The in Between
There lies not a thin line but a great open plain between remembering and forgetting. This open space is perhaps best called haunting. Recently I was driving my thirteen year old back from an orthodontist appointment. What could be more ordinary, more suburban? We waited in our average sedan for the light to turn green when I asked her a question I never would have anticipated when she had been born: When we are sitting here at this light, does it cross your mind that your mother and your sister are buried right over there?
This was, as my daughter well knew, a genuine question, and not in any way an accusation. I wasn’t scolding her for not noticing, or, if noticing, not saying anything. It just struck me that sometimes I go weeks without driving by the cemetery where my precious ladies’ bodies are planted. Sometimes I drive there, walk to where they are buried and pray, cry, and remember. But then there were these times, when the cemetery is not my destination but it is just there, right next to me.
There are no moments when I am not conscious of their absence. But there are moments when I am less conscious. Like the constant ringing in the ear that assaults some people my lonesomeness for them cannot be escaped. To enter into missing them is in many ways easier than living in the in between. When I remember, when I weep, I am entering in. When, however, the reminders come to me, it is entering in, nagging. Their absence is always announcing its presence.
It was three years ago, just a few days before Valentine’s Day. I was, I suspect, unloading some groceries on the shelf in our rec room. Beside me was our ping pong table. She stood at the entrance of the room, looking like she had seen a ghost. “They just called,” she told me, gingerly taking steps toward me, “It’s leukemia.” I held her there as we cried, in the same spot I pass through now everyday. Here, by the shelf, beside where the laundry gets folded, here is where I first knew that we were facing a problem I couldn’t fix, where I first heard her death sentence.
I sleep now, as I have done since the day she died, on her side of the bed. Not, strangely, that I might be close to her, but that I might be farther from where I used to sleep when she was with us. So each morning I wake where she is supposed to be.

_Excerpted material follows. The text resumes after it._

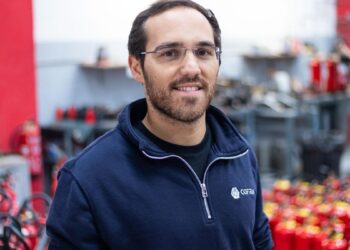 De los papeles a la nube: una startup madrileña digitaliza la protección contra incendios con inteligencia artificial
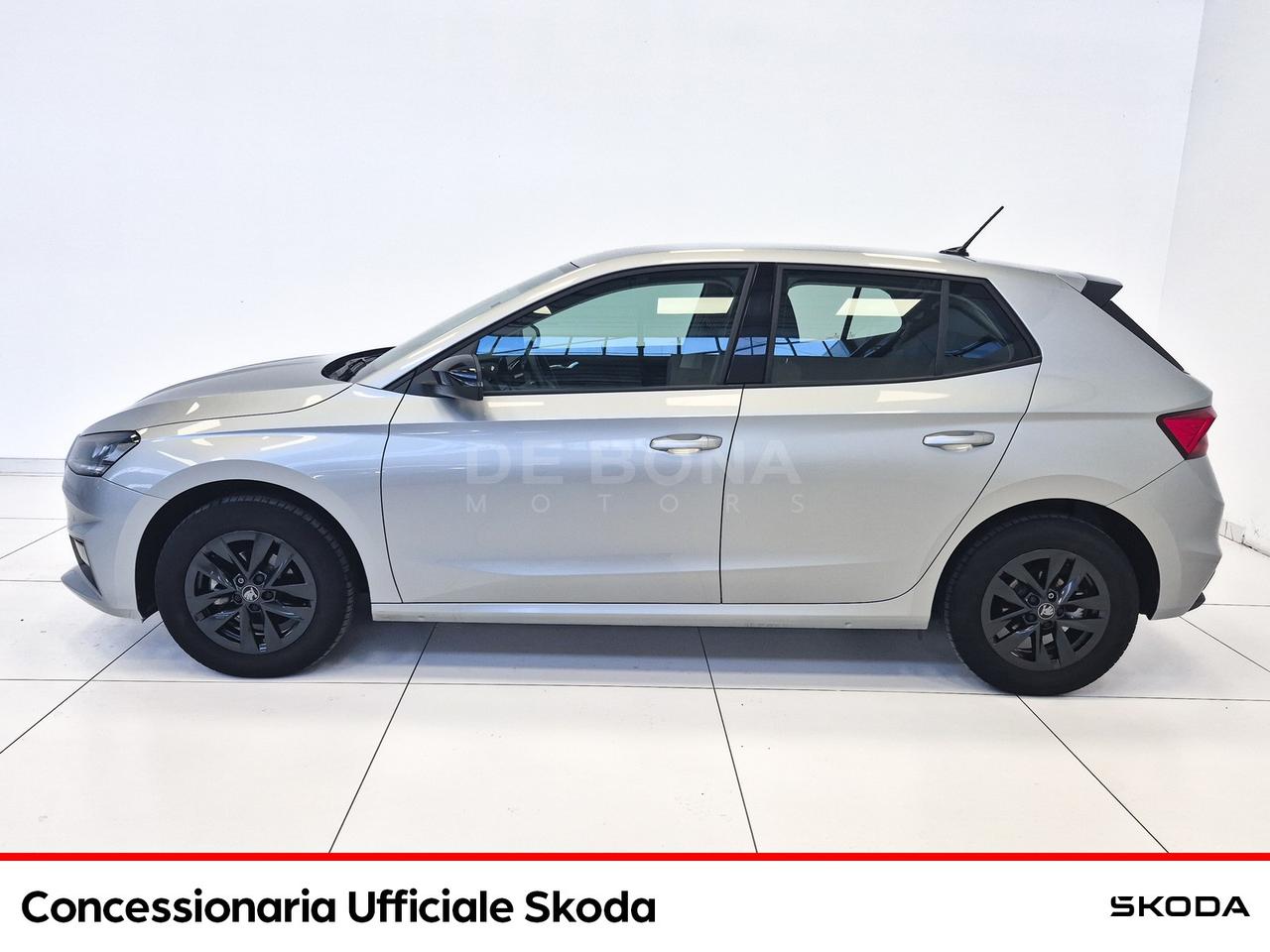 Skoda Fabia 1.0 tsi young edition 95cv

While this reflection is more an exposition of the constant, nagging pain rather than a revelation of those moments of the blinding pain, while I am merely sad, not flirting with despair, I still have no answer. I will not scrub my life clean of these landmarks of our journey through the valley of the shadow of death. I will not pretend that my wife or my daughter were Enochs, who walked with God, and then were no more. Instead I will continue to be haunted. I will continue to walk where they walked. And He will continue to walk with me.